═════ TASK MATERIAL ═════

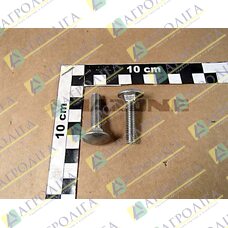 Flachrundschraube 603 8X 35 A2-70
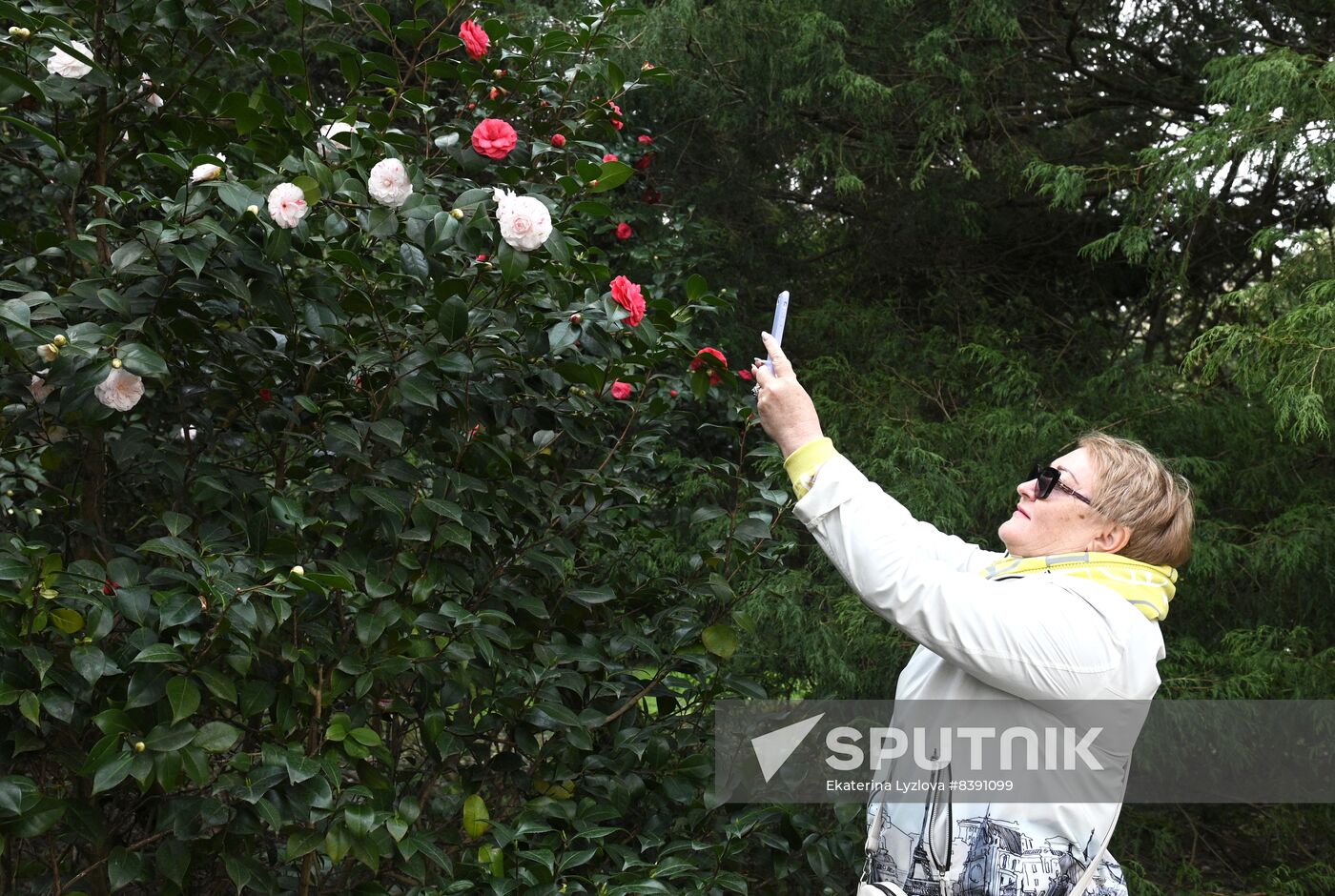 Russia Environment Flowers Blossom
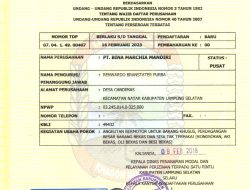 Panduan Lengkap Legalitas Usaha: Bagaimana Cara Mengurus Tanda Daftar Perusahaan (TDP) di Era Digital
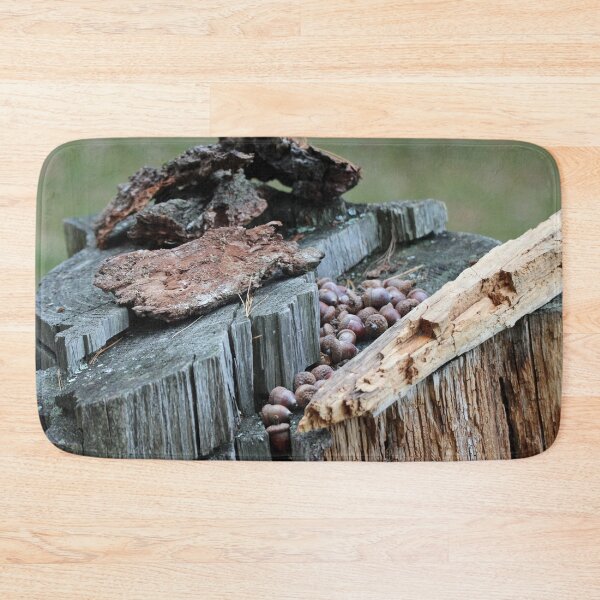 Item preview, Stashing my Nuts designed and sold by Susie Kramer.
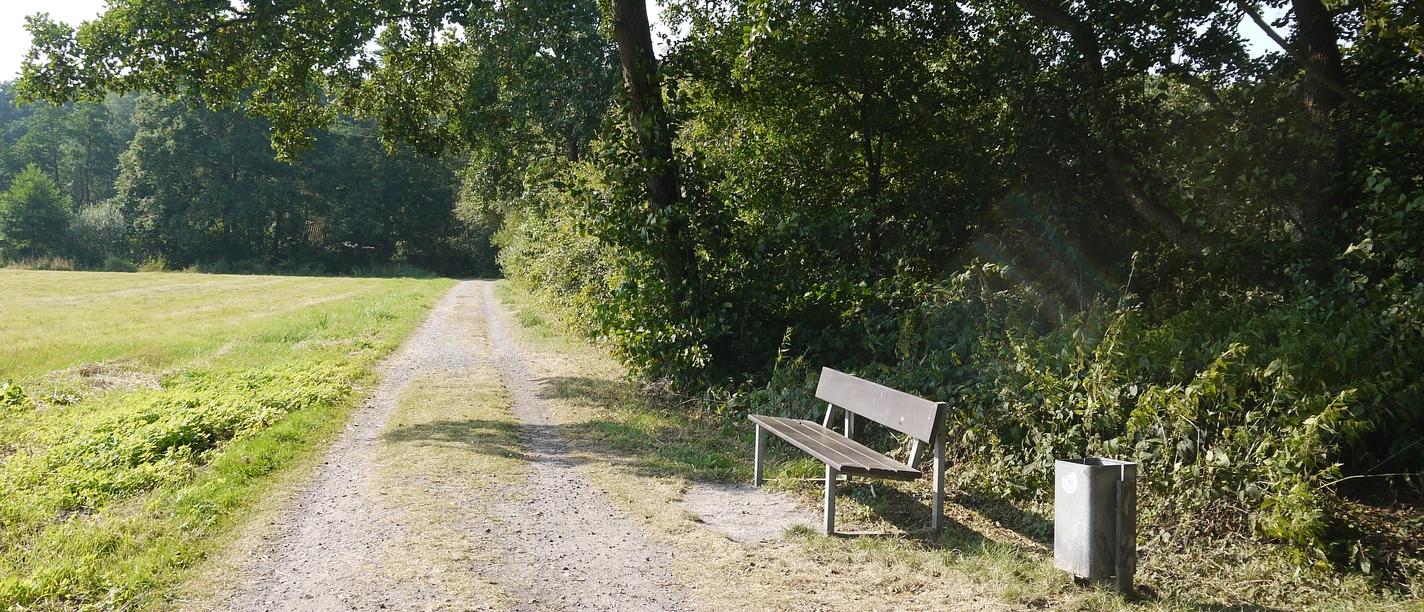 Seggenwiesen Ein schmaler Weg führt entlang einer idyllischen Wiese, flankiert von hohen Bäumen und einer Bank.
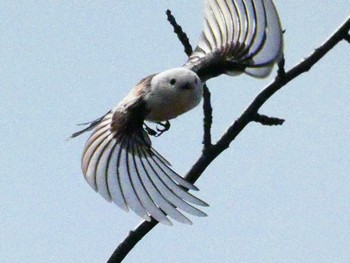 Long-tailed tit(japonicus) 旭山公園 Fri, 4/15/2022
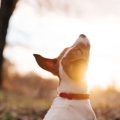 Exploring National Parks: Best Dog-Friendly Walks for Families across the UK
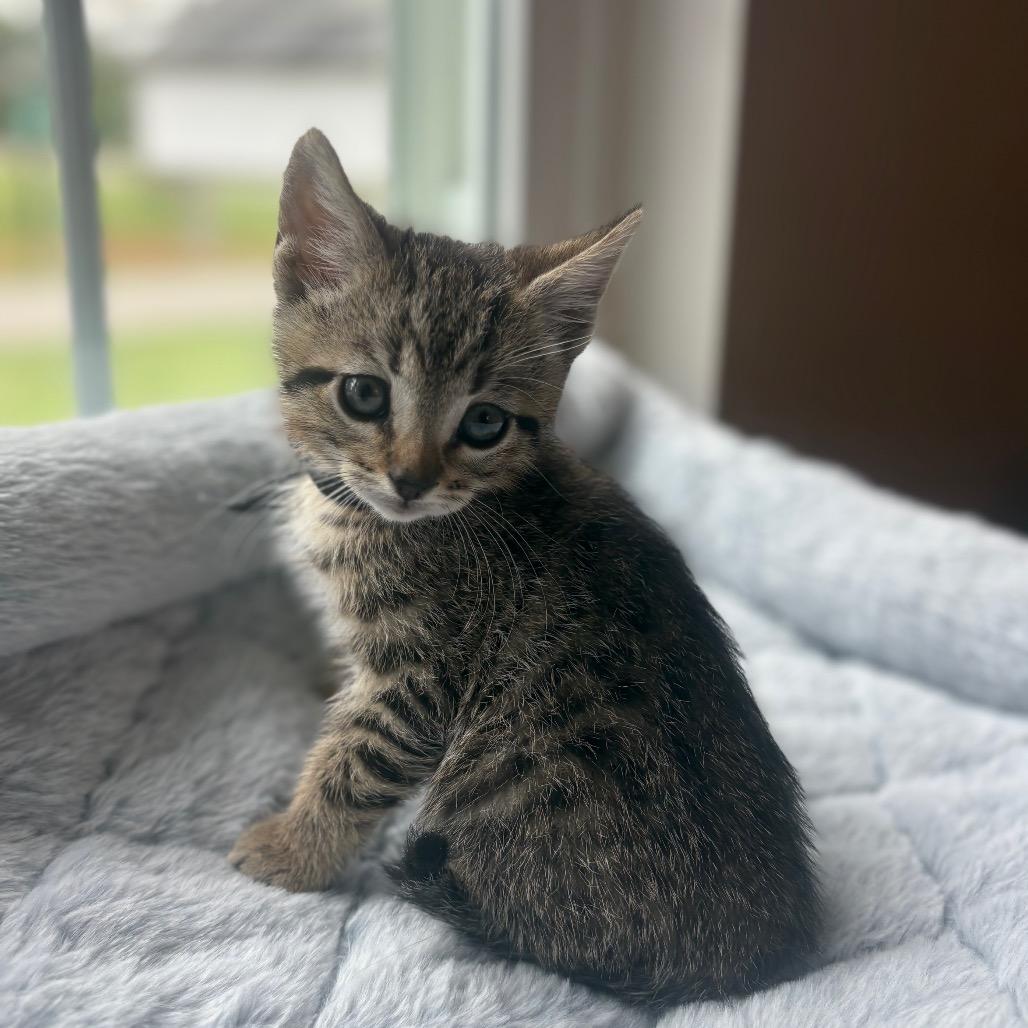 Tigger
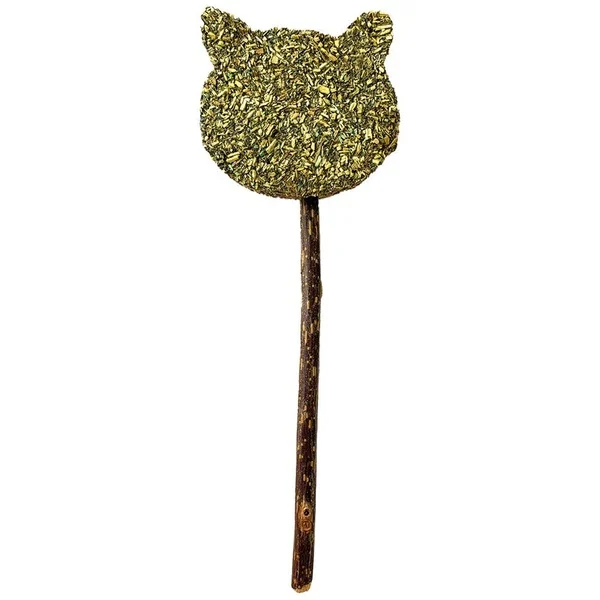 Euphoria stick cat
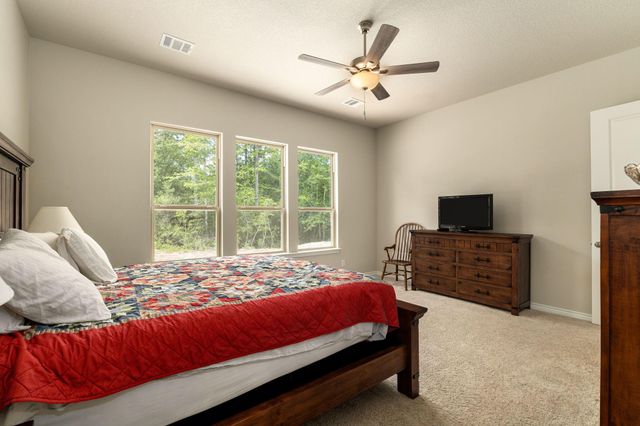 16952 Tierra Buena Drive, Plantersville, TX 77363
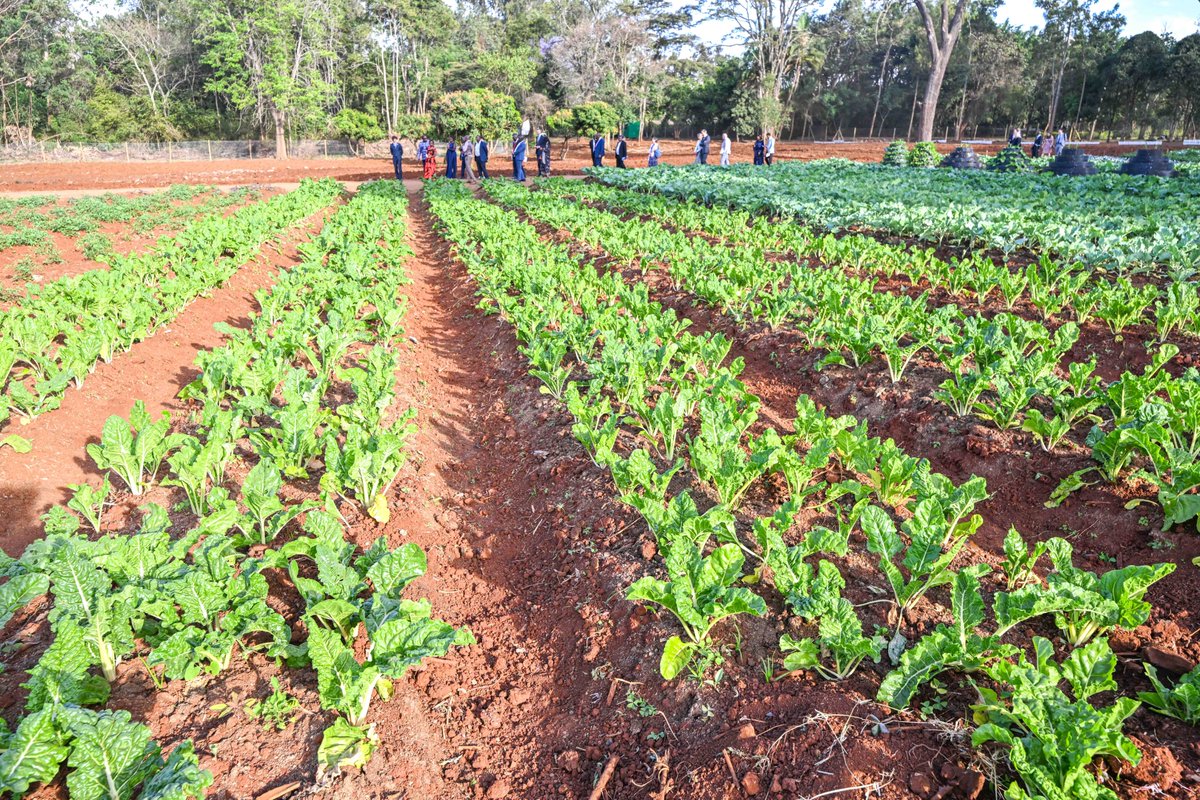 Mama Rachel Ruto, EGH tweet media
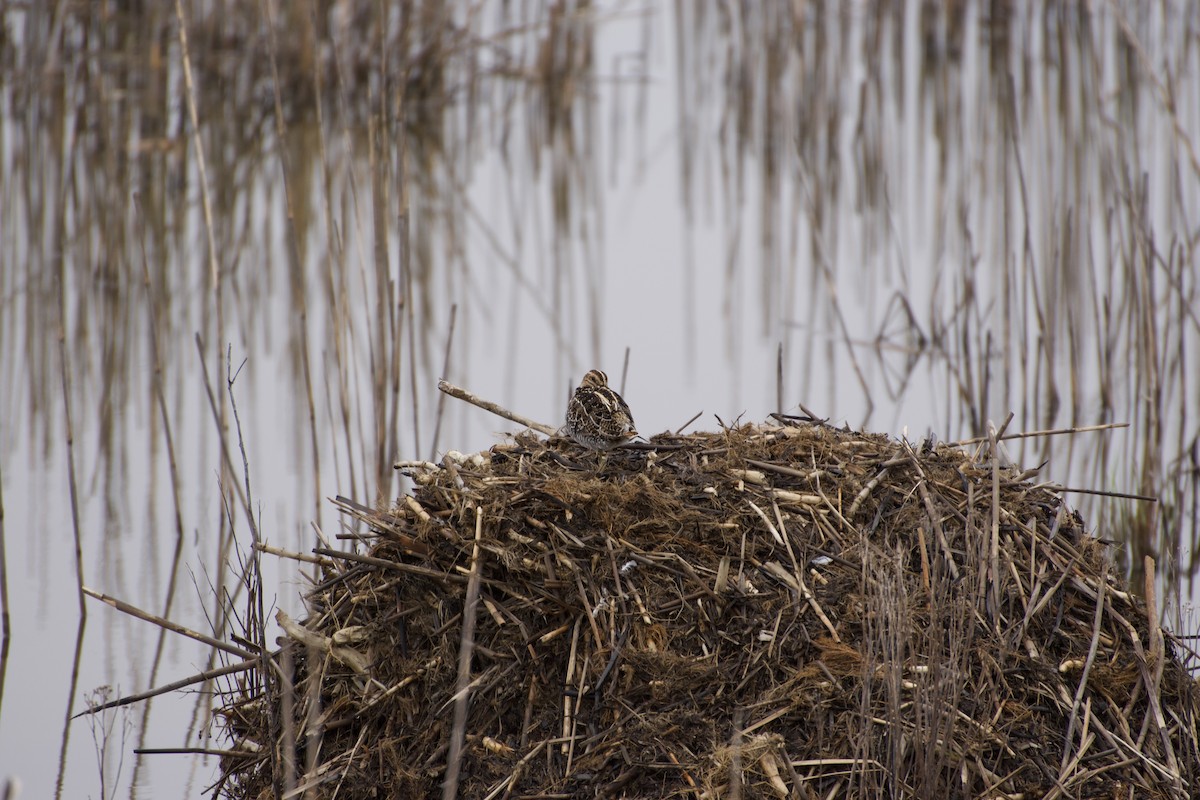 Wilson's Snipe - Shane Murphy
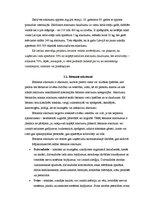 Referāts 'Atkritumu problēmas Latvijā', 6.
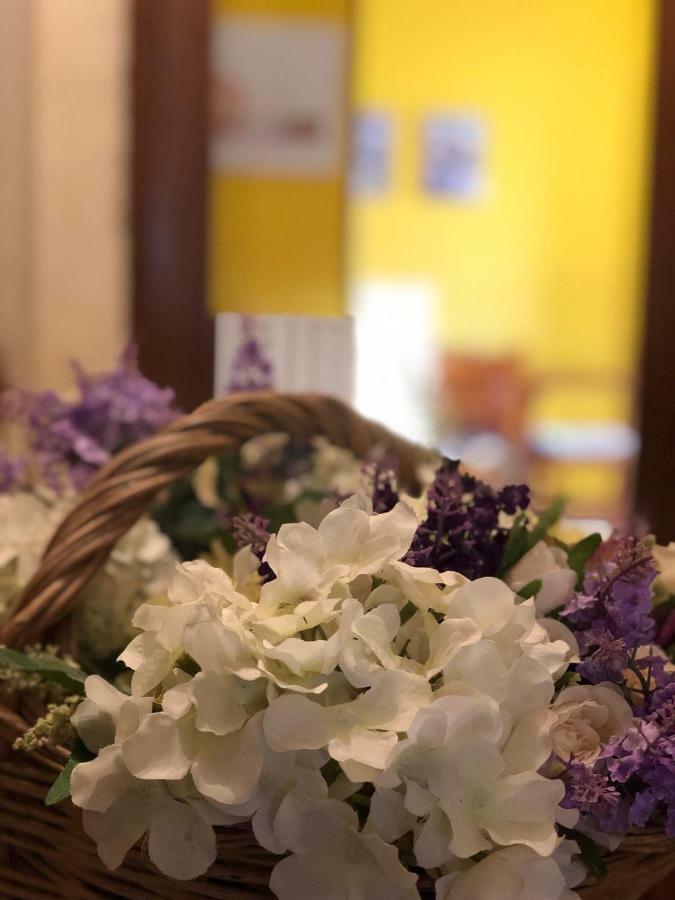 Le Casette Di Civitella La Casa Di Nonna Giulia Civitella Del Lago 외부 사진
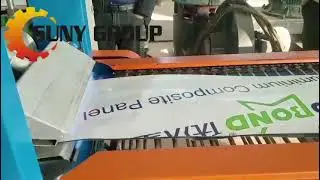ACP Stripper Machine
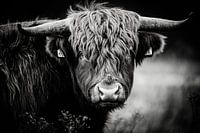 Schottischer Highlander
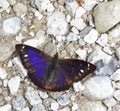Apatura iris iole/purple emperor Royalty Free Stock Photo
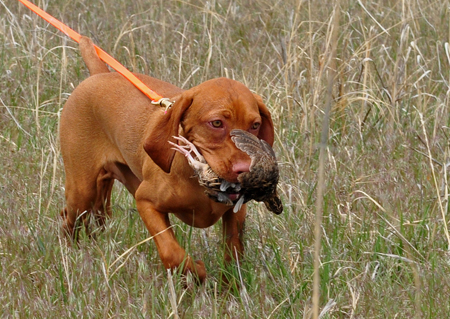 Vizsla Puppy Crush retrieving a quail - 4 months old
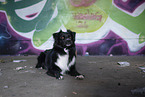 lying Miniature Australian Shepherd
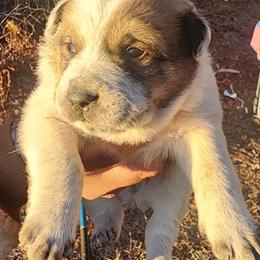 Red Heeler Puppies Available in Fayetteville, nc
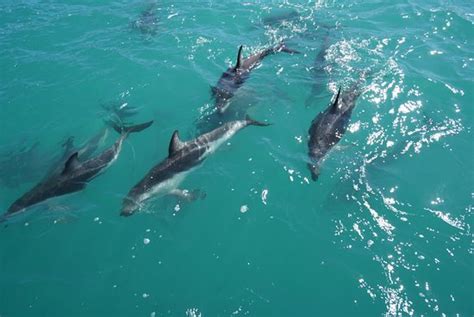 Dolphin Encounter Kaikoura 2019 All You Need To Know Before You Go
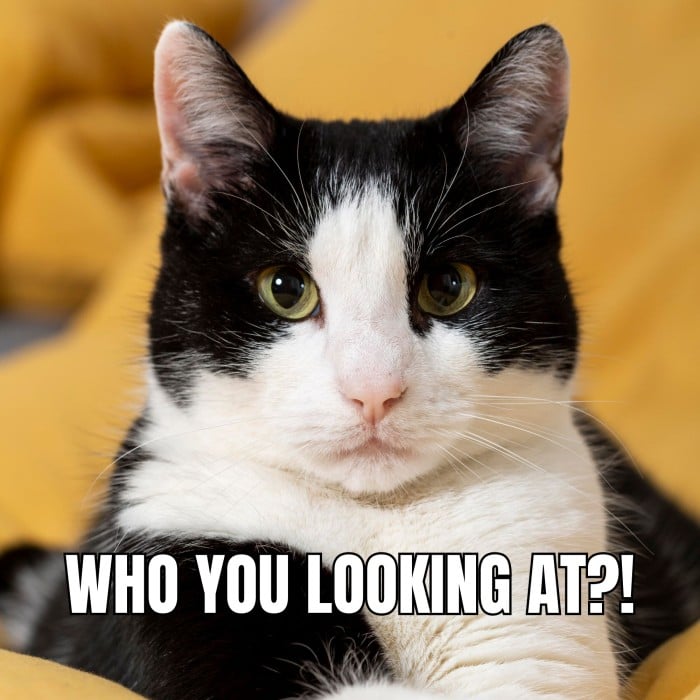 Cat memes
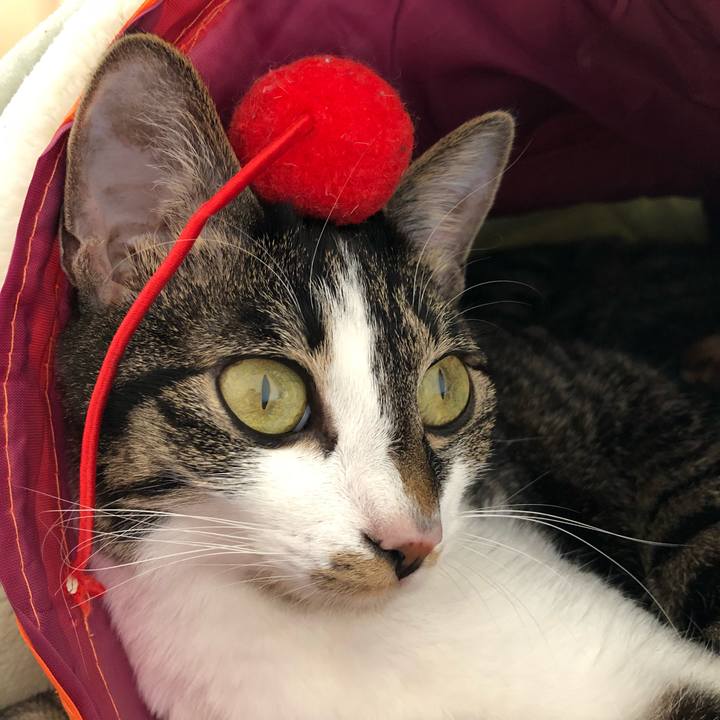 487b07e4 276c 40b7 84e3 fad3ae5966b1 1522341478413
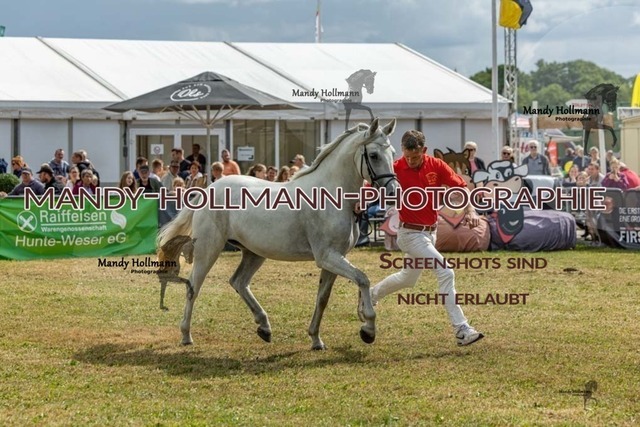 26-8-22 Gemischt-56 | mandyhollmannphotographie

═════

When you repeat the data, keep every line exact and drop the images.

▶ OUTPUT BELOW
 Flachrundschraube 603 8X 35 A2-70
 Russia Environment Flowers Blossom
 Panduan Lengkap Legalitas Usaha: Bagaimana Cara Mengurus Tanda Daftar Perusahaan (TDP) di Era Digital
 Item preview, Stashing my Nuts designed and sold by Susie Kramer.
 Seggenwiesen Ein schmaler Weg führt entlang einer idyllischen Wiese, flankiert von hohen Bäumen und einer Bank.
 Long-tailed tit(japonicus) 旭山公園 Fri, 4/15/2022
 Exploring National Parks: Best Dog-Friendly Walks for Families across the UK
 Tigger
 Euphoria stick cat
 16952 Tierra Buena Drive, Plantersville, TX 77363
 Mama Rachel Ruto, EGH tweet media
 Wilson's Snipe - Shane Murphy
 Referāts 'Atkritumu problēmas Latvijā', 6.
 Le Casette Di Civitella La Casa Di Nonna Giulia Civitella Del Lago 외부 사진
ACP Stripper Machine
 Schottischer Highlander
Apatura iris iole/purple emperor Royalty Free Stock Photo
 Vizsla Puppy Crush retrieving a quail - 4 months old
 lying Miniature Australian Shepherd
 Red Heeler Puppies Available in Fayetteville, nc
 Dolphin Encounter Kaikoura 2019 All You Need To Know Before You Go
 Cat memes
 487b07e4 276c 40b7 84e3 fad3ae5966b1 1522341478413
 26-8-22 Gemischt-56 | mandyhollmannphotographie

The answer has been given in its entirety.